KEBIJAKAN JEPANG DI BIDANG PENDIDIKAN

ANISA FIRDA RAHMA/ SI IV
            Zaman pendudukan Jepang di Indonesia memperlihatkan gambaran buruk mengenai bidang pengajaran jika di bandingkan dengan masa-masa pemerintah Hindia-Belanda. Jumlah sekolah dasar menurun dari 21.500 menjadi 13.500, sekolah lanjutan dari 850 menjadi 20, perguruan tinggi/fakultas terdiri dari 4 buah, jumlah murid sekolah dasar juga merosot 30% , sedangkan murid sekolah menengah merosot 90%. Guru-guru sekolah dasar berkurang 35%, sedangkan guru sekolah menengah yang aktif tinggal kira-kira 5%. Angka buta huruf tinggi sekali walaupun ada usaha yang dilakukuan untuk memberantas buta huruf.1
            Pada masa pendudukan Jepang pendidikan tingkat dasar dijadikan satu macam saja yakni sekolah dasar 6 tahun. Sebenarnya Jepang mengadakan penyeragaman itu adalah untuk memudahkan pengawasan terhadap sekolah-sekolah tersebut, baik dalam isi maupun penyelenggaraannya.

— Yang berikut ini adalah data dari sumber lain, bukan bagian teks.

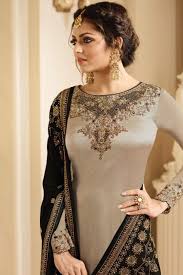Black And Silver Punjabi Suit Cream And Black Bollywood Salwar Suits With Embroidery Duppta Fashion Attire Dress Indian Style Designer Anarkali Dresses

Ternyata, kemudian penyeragaman tersebut menguntungkan bagi rakyat Indonesia karena penyeragaman ini berarti menghapuskan diskriminasi. Sistem pengajaran dan struktur kurikulum ditujukan kepada keperluan Perang Asia Timur Raya seperti disebutkan dibawah ini.
  1. Mengadakan pelatihan bagi guru-guru di jakarta untuk mendoktrinasi mereka dalam Hakko Ichiu ("delapan benang di bawah satu atap", yang intinya adalaah pembentukan suatu lingkungan yang didominasi oleh Jepang yang meliputi bagian-bagian besar dunia).2 para peserta pelatihan diambil dari tiap-tiap daerah/kabupaten. Selesai pelatihan tersebut mereka harus kembali kedaerah masing-masing dan mengadakan pelatihan untuk meneruskan hasil-hasil yang diperolehnya selama pelatihan di Jakarta.
  2. Sekolah umum terdiri dari :
1.      Sekolah rakyat enam tahun (kokumin gakko), di samping itu, masih ada lagi sekolah desa atau sekolah pertama;
2.      Sekolah menengah pertama tiga tahun;
3.      Sekolah menengah tinggi tiga tahun;
  1. Sekolah guru terdiri dari :
1.      Sekolah guru dua tahun ( shoto shihan gakko ) 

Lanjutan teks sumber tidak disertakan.